In Studio Sessions, our ongoing web series, the 15 artists in the Walker-organized exhibition Painter Painter respond to an open-ended query about their practices. In this edition, New York–based artist Sarah Crowner discusses the spreads in her recent artist book, Format, published by Primary Information.
Primary Information is a nonprofit run by James Hoff and Miriam Katzeff. Its mission has been to reprint and make available books that aren’t accessible to a wide audience today. Kids today might now know about Avalanche magazine or the Great Bear Pamphlets or Lee Lozano’s sketches because of Primary Information’s efforts. They’ve just started working with contemporary artists as well. Their mission is to get the books out to the public as cheaply as possible, so the cost is quite low—they’re not fancy monographs.

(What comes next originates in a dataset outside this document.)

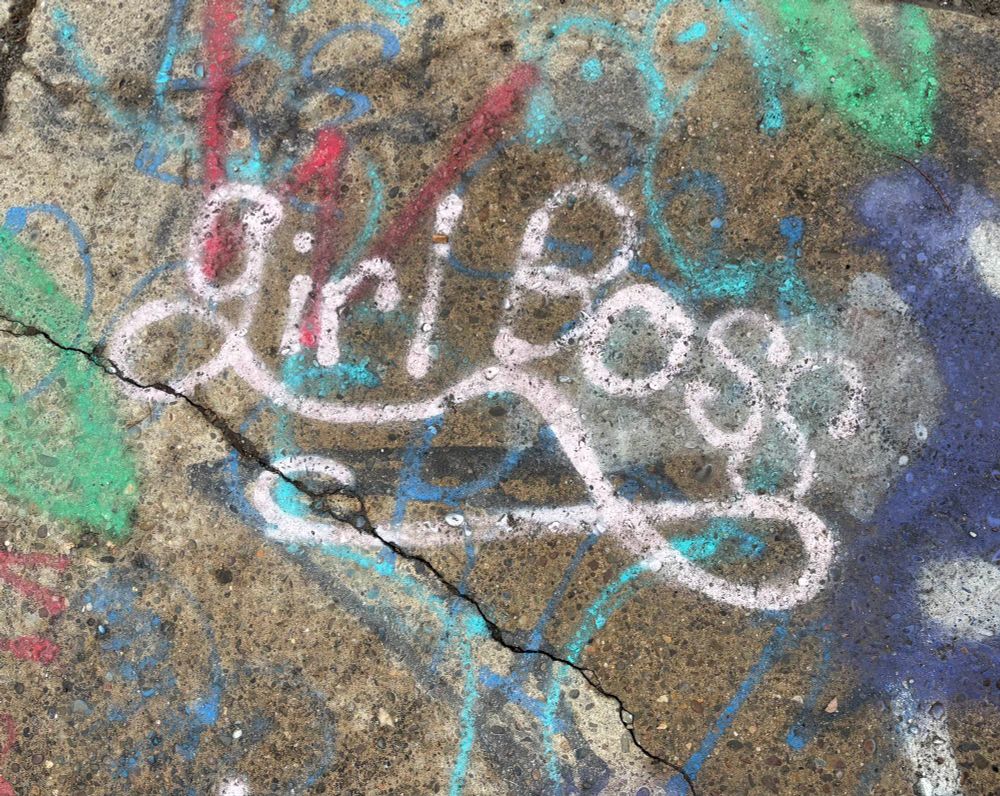 Heavily graffitied sidewalk with “girl Boss” written in white standing out. 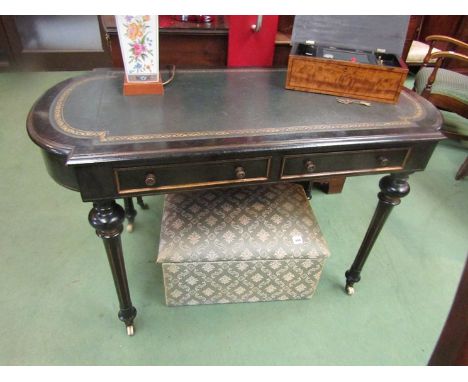 In the manner of ''Gillows'' a late Victorian ebonised with gilt relief writing table the tooled leather insert over two frie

They invited me to do a project about a year ago, and we’ve been working on it since then. What’s really great is to be able to synthesize your ideas into a book format. It’s helped me think about painting. It’s become reference material, in a way. I like the idea that if anyone is interested in my painting, I can hand them this book and they might understand without me rambling on for hours about it. This explains in visual terms, rather than words, what my practice is about.
One of the things I am interested in is how painting can engage the body. I have a highly physical way of creating paintings. The way I make paintings involves a lot of stretching, a lot of muscle, a lot of “body”–cutting, taking apart, dealing with the material. I think of painting as a collection of mediums, which might be oil paint, and also linen and canvas and different kinds of cloths. The way I construct something is to make a collection of materials that engage each other physically rather than making an image that is flat.
The title of the book is Format. It’s about the format of the book itself, but also form and formalism. A lot of the way these pages are laid out is thinking about repeating forms from everyday life, and forms from painting’s history. Building the forms together, and making a narrative with shapes.
For the last few years, I’ve kept a studio wall where I collect references and source material. Everything from a scraps of particular colors that I found in a fabric store, pages from art magazines, posters, or a postcard someone sent me from home that is really weird and has interesting visual elements. Maybe a Xeroxed copy of a drawing I’ve kept in my wallet for months.